Prompt - Whatever the records hold, copy it exactly and completely.

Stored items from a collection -
= Beginning of Section =
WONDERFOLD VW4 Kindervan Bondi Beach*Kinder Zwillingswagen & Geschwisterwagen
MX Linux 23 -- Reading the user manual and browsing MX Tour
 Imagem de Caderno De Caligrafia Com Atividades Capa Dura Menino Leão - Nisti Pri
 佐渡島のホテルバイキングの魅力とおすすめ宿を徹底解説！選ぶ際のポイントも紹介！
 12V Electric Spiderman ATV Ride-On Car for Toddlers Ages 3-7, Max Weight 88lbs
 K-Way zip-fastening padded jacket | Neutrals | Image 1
= End of Section =
Output -
WONDERFOLD VW4 Kindervan Bondi Beach*Kinder Zwillingswagen & Geschwisterwagen
MX Linux 23 -- Reading the user manual and browsing MX Tour
 Imagem de Caderno De Caligrafia Com Atividades Capa Dura Menino Leão - Nisti Pri
 佐渡島のホテルバイキングの魅力とおすすめ宿を徹底解説！選ぶ際のポイントも紹介！
 12V Electric Spiderman ATV Ride-On Car for Toddlers Ages 3-7, Max Weight 88lbs
 K-Way zip-fastening padded jacket | Neutrals | Image 1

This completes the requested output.